As a student in FLC’s Adventure Education program, yes, you will spend time indoors—in classrooms, working with community partners, conducting research—but the backbone of the program takes you into the field. FLC’s campus sits right where the mountains meet the desert, at the intersection of alpine peaks, white water rivers, and rugged canyons.
AE students learn to teach sustainable travel in remote slot canyons. You’ll learn anchor building, rappelling and rope work, technical climbing, and the use of rescue equipment as you implement risk-management and decision-making in the field. You’ll go to places like Cedar Mesa, Dirty Devil Wilderness Study Area, North Wash, Grand Staircase-Escalante, and Gila Wilderness Area.

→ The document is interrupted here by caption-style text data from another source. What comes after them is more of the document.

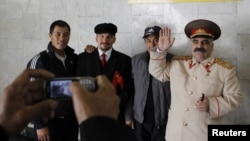 Ресейде жүрген шетелдік жұмысшылар Ленин мен Сталин болып киініп алған адамдардың қасында суретке түсіп тұр. Мәскеу, 6 қазан 2011 жыл. 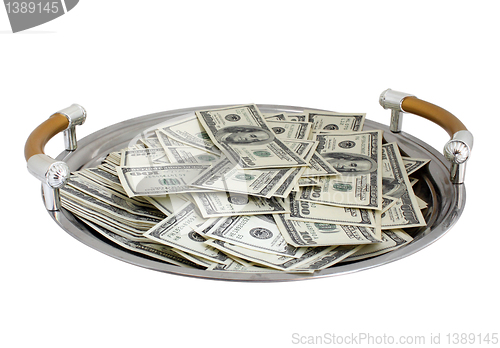 Image of tray with heap of dollars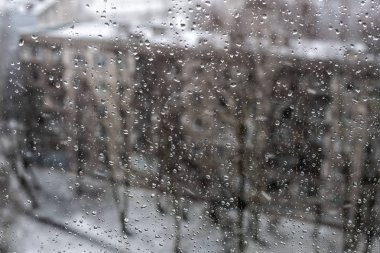 Bir pencereden kar yağışı, kenti su damlaları ile kaplı.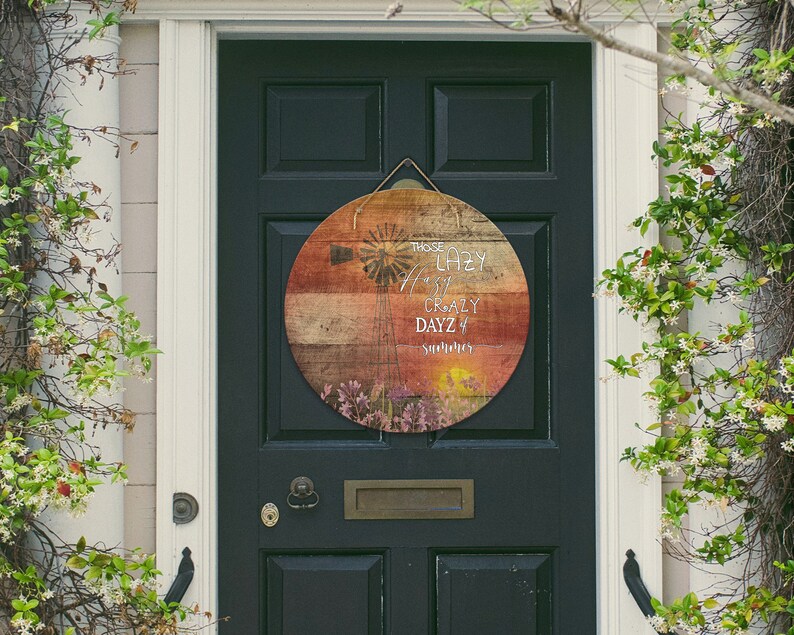 May include: A round wooden sign with a rustic, weathered look. The sign features a colourful sunset background with a windmill silhouette and the text "Those Lazy, Hazy, Crazy Days of Summer".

Beginning with Paddling Fundamentals (AE 131) you’ll learn to lead flat water canoeing and kayaking trips, including equipment use, trip planning, risk management and rescue, and stewardship of river environments. From there, you’ll move into Advanced Paddling (AE 331) to learn techniques for safely leading whitewater trips. You’ll paddle Labyrinth Canyon on the Green River, Dewey Bridge to Moab and Cataract Canyon on the Colorado River, the San Juan River from Bluff, Utah to Clay Hills, and Durango’s local favorite, the Animas River.

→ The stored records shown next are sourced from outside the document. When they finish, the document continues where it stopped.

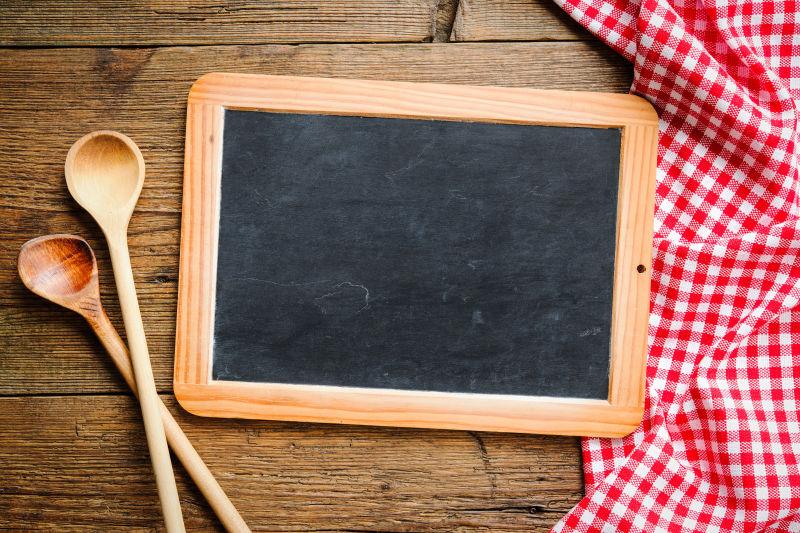木桌上的红色格子台布黑板和木质餐具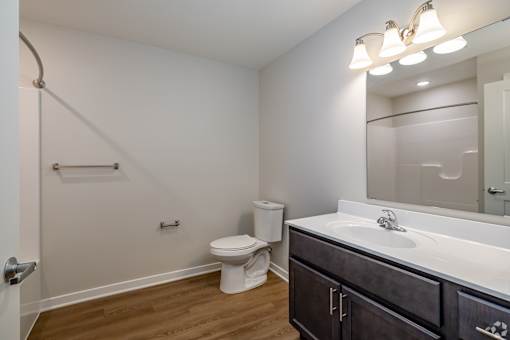 A bathroom with a toilet, sink, and mirror.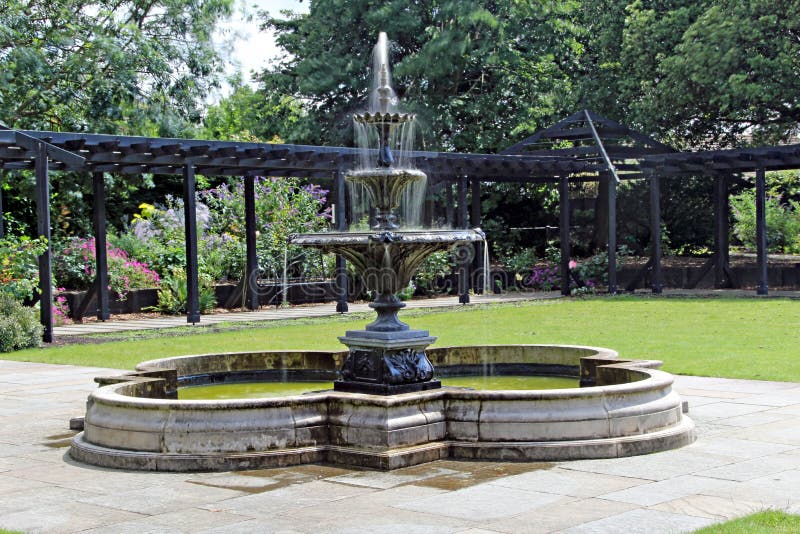 Photo of an ornamental tiered fountain with nd filter used to make special effect on water. Photo of an ornamental tiered fountain with nd filter used to make special effect on water.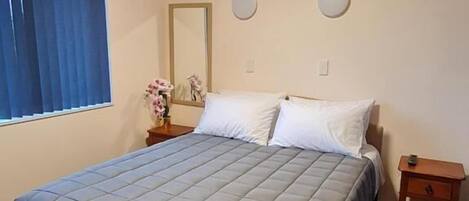 Una habitación estándar de hotel con cama, mesita de noche, espejo y ventana con cortinas.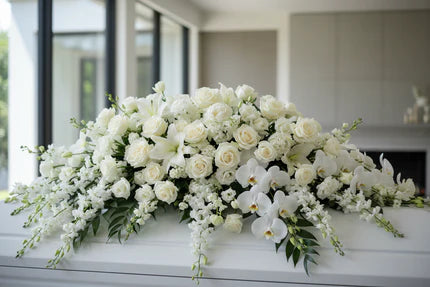 a-cinematic-realistic-close-up-picture-of-premium-large-white-casket-cover-in-a-minimalistic-beverly-hills-villa-blurred-minimal-interior-background-soft-cool-daylight-luxury-floral-p.webp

The mountains of Colorado, as they range from Ponderosa forest at lower elevations (7000 feet) to rocky summits at 14,000 feet, provide opportunities to learn Leave No Trace backpacking practices and wilderness ethics, as well as technical mountaineering skills, like avalanche awareness, travel with fixed lines, and the use of specific snow and ice equipment such as crampons and ice axes, and even telemark skis. You’ll explore the San Miguel and La Plata Mountains, as well as Colorado’s largest roadless area, the Weminuche Wilderness.
In addition to applying climbing skills in both canyon and alpine settings, you’ll have a chance to develop your skills at local favorites East Animas and X-Rock, and farther afield, in El Rito, New Mexico.
Going uphill in the snow is guaranteed to be slow, but you can make up that time on the way down learning to safely telemark ski. You’ll get going at Purgatory Resort before heading into the backcountry at Molas Pass and Red Mountain Pass.